En cuanto a la modalidad de participación en talleres y seminarios, el Reglamento dispone que se organizarán en coordinación con el Instituto de Capacitación y la Fundación Colosio y deberán atender a los temas vida partidista, liderazgo y activismo político, políticas públicas, estudios legislativos, gobierno y administración pública; finanzas públicas, democracia y derecho; derechos humanos, participación ciudadana, juventud, grupos vulnerables, paridad de género, medio ambiente y desarrollo sustentable; educación cultura y deporte, y entorno mundial. ¡Uff!
Los exámenes obviamente versarán sobre la temática anterior; podrán ser escritos u orales, y los calificará una instancia ajena a la comisión de procesos internos que será la que los organice.
Finalmente, las presentaciones ante la militancia, ya sea por consejos políticos, sectores, organizaciones y/o grupos interesados, se efectuarán en el número y con el formato que oportunamente se determinen en la convocatoria respectiva, que obviamente serán de diálogo e intercambio de impresiones, pero deberán estar abiertas a todos los aspirantes y llevarse a cabo bajo los principios de equidad, respeto y democracia.
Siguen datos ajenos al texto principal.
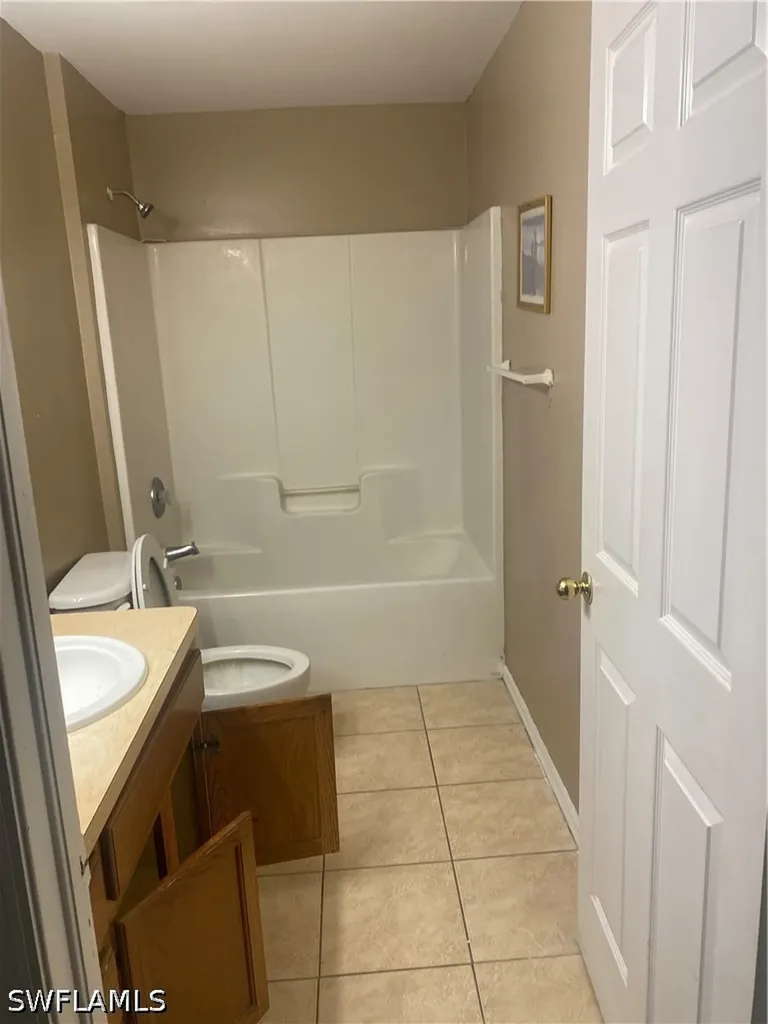 5214 25th Street SW Lehigh Acres FL 33973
¿Cómo la ve, estimado lector? Yo, por lo pronto, no me imagino a ninguno de los empresarios que se mencionan como posibles aspirantes a precandidatos pasando por este laberinto de encuestas, seminarios, talleres, exámenes y comparecencias. Claro que existe la posibilidad de sacarse de la manga el as de la candidatura externa o ciudadana (no independiente, esas son otras), pero lo veo extremadamente complicado.
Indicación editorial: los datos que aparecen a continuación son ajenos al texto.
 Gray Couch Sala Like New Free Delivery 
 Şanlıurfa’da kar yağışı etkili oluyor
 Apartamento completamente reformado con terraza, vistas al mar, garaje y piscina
Todas las reformas, las aquí mencionadas y otra docena de temas diferentes, fueron aprobadas prácticamente por unanimidad. Pasaron a una comisión de “Redacción y Congruencia” donde pueden sufrir cambios importantes pero solo de forma y no de fondo, y antes del 30 de septiembre tienen que ir al Instituto Nacional de Elecciones para revisar su legalidad y constitucionalidad. Todo está previsto para que se promulguen y entren en vigor antes del fin de año. A ver qué pasa.
-
< Comprimidos.
Y a propósito de los albaricoques, en cuanto rinda su segundo informe de gobierno, dentro de once días, el presidente Enrique Peña Nieto comenzará a ponerle atención al tema de las candidaturas gubernamentales en puerta. Son nueve y ni en orden alfabético ni en tamaño de padrón nos toca ser de los primeros. Así es que, otra vez, no coman ansias.
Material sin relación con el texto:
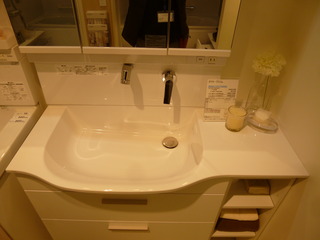 勝手にリポート Toto新商品 オクターブスリム シーン ホーム ファクトリー リフォーム日記 0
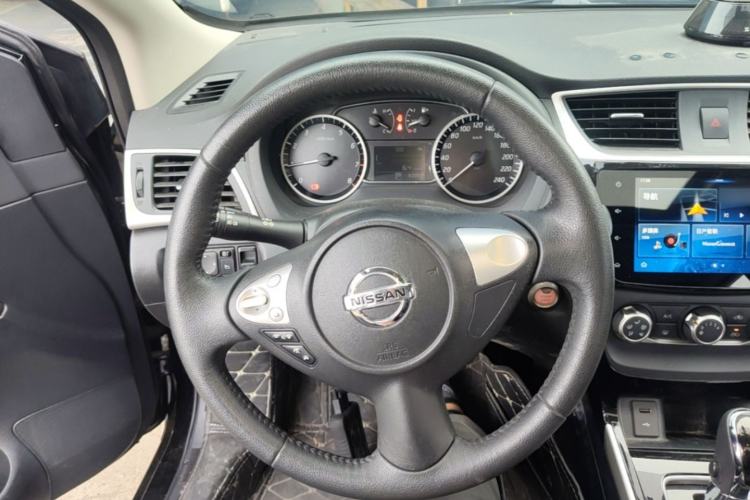 Used Nissan Sylphy 2019 1.6XV CVT Smart Connect Luxury Edition China VI Standard Steering Wheel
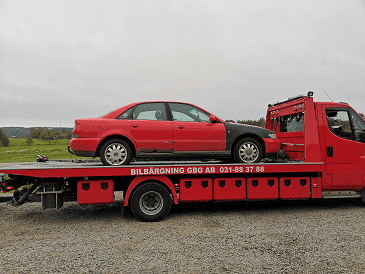 Miljöaktivister i Fjärås vill stoppa bytet av avgasventil på bilskrot i Audi-TT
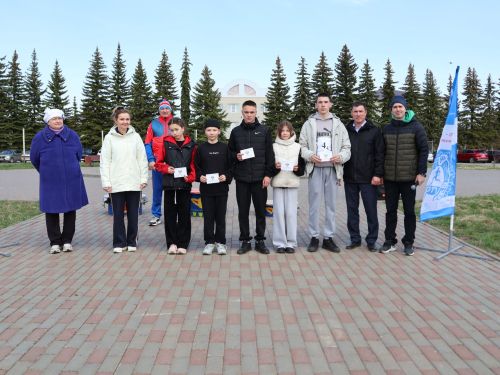 Якташыбыз Фирая Солтанова- Жданова Кубогы ярышларын ачу тантанасында ГТО нормативларын үтәгән укучылар хөрмәтләнде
El diferendo, competencia, riña, pleito, zipizape, sarracina, agarrón, desgreñe o como se llame entre los alcaldes Mario García Valdez y Ricardo Gallardo Cardona ya resulta más patético que un sepelio con mariachi. Pero no entienden.
Hace cinco semanas que informamos del soborno que ejecutado al alimón entre el Ejecutivo estatal y el contador José de Jesús Martínez Loredo permitió que éste último sorteara una impugnación a su turbia elección como Auditor Superior del Estado, que de continuar muy probablemente le hubiera costado el puesto, y salvo las burradas a cargo del Asesino Serial de la Sintaxis, el silencio encubridor, cómplice y evasivo, sigue prevaleciendo. Con todo, la permanencia de JJML en la ASE cada día se ve más complicada.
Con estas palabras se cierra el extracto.